Semyon Vyacheslavovich Grigoriyev (Семён Вячеславович Григорьев; born 1960), is a Russian diplomat and was the first Russian ambassador to Abkhazia, serving between 2008 and 2018. He has served as ambassador to Tajikistan since 2022.

== Career ==
Grigoriyev graduated from the Moscow State Institute of International Relations in 1983, and went on to work at the Ministry of Foreign Affairs in a position at the Soviet embassy in Kabul, Afghanistan.

From 1990 – 1997 he was third, second and first secretary at the Soviet and Russian embassies in Tehran, Iran.

From 2003 – 2006, he was deputy director of the Fourth Department of the CIS Countries at the Russian foreign ministry, and from 2006 – 2008, he was an adviser-envoy at the Embassy of Russia in Kabul.

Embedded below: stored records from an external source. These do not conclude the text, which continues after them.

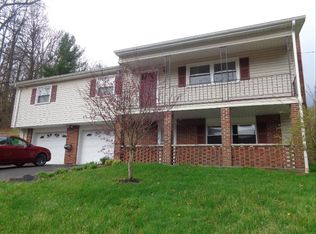 465 N Sandbranch Rd, Mount Hope, WV 25880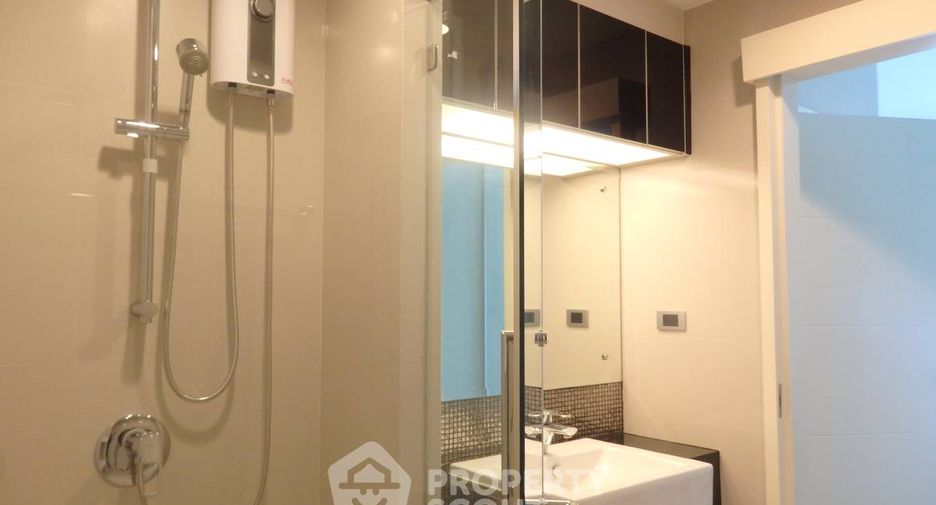For sale 2 bedrooms condo in Khlong Toei, Bangkok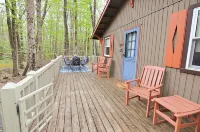 Magical 5Br Cabin, Steps to Lake & Pet-Friendly - 2 Kitchens and Living Rooms!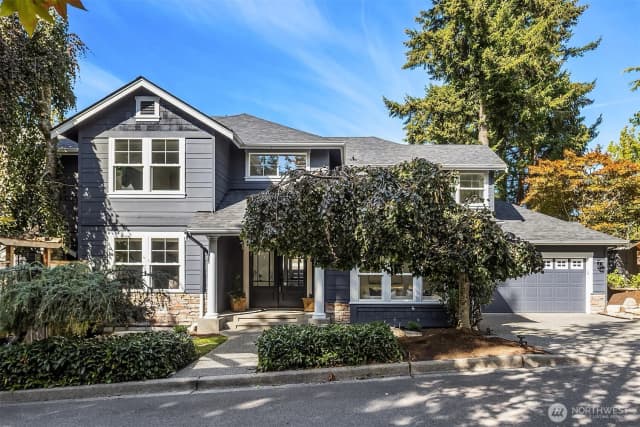 Property photo for 12524 Ne 75th Place, Kirkland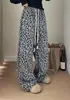 Calça Casual Feminina de Inverno Nova, Tecido de Toalha de Alta Densidade Coreano, Forrada com Fleece, Estampa de Leopardo, Modelagem Solta, Moda Versátil, Pierna Reta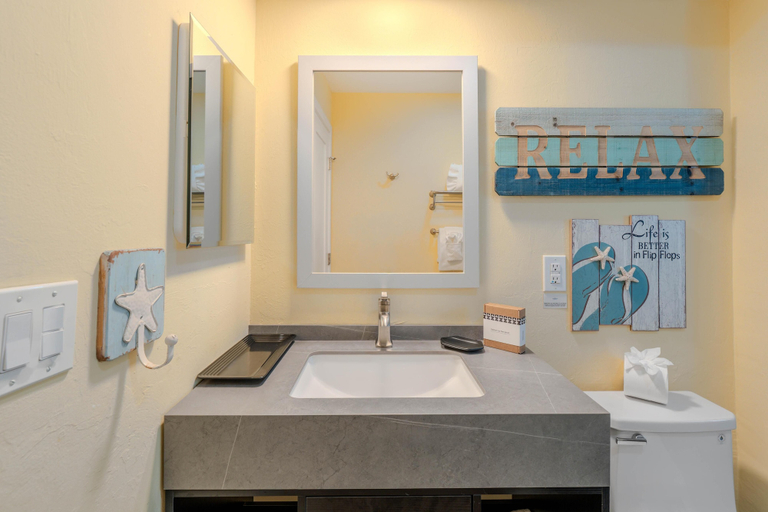 Bathroom 5, 218 Mermaid Beach House, Lee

From February 2008, he was again deputy director of the Fourth Department of the CIS Countries, specialising in issues relating to Abkhazia and South Ossetia. On 25 October 2008, Russian president Dmitry Medvedev appointed Grigoriyev as the first ambassador of Russia to Abkhazia, after Russia recognised Abkhazian and South Ossetian independence following the war in August 2008. Grigoriyev presented his Letters of Credence to President of Abkhazia, Sergey Bagapsh on 16 December 2008.

Grigoriyev speaks Russian, English, Dari and Pashtu.